Commissioner Jan Callison, who sponsored the proposal, said the move would pull roughly $10 million to $20 million pooling annually in a fund that had been earmarked for transit. The money is accumulating because the Southwest line was delayed and Bottineau has stalled.

If and when those lines are running, most of the taxes collected will go toward light-rail operating subsidies. Until then, the County Board wants it to go to roads and bridges.

"In the meantime, this is right for Hennepin County," Callison said.

The board split 4-3 in support of her proposal, which directs county staffers to come up with a plan in early 2020 that would project how much will be in the fund and how it can be used.

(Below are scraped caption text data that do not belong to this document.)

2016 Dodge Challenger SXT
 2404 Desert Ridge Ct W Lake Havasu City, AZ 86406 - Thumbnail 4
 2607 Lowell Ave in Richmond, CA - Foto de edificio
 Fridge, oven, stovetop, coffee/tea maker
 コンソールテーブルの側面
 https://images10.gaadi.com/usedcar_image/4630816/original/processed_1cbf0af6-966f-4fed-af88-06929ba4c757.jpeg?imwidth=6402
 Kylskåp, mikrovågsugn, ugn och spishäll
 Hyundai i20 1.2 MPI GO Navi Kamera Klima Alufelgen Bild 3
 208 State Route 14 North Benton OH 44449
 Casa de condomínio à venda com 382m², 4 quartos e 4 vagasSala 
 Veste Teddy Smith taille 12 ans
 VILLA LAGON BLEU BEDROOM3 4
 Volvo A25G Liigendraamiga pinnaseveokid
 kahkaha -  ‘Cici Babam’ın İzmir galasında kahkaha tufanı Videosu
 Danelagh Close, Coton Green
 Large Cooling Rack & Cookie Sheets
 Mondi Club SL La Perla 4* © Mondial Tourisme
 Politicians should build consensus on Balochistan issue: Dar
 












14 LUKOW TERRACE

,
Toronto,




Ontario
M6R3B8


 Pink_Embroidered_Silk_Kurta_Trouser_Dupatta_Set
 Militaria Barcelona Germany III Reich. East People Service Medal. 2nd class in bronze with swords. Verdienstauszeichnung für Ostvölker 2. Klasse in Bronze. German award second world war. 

The divided board vote reflects the need for transportation funding and the philosophical division about where to spend it. As the state's most populous county, Hennepin County's sales tax is a cash juggernaut and the demands are significant.

Roads and transit lines in Hennepin County provide a nexus to many of the state's significant amenities, from the downtown Minneapolis business district to St. Paul, the Minneapolis-St. Paul International Airport, U.S. Bank Stadium, Target Field and the Mall of America in Bloomington.

Callison said she rejects an either-or approach to transportation needs. It's not the case, she said, that they need to support either roads and bridges or transit. "We need a multimodal transportation system," she said.

Improving bridges and roads also helps transit users, pedestrians and bicyclists, Callison said.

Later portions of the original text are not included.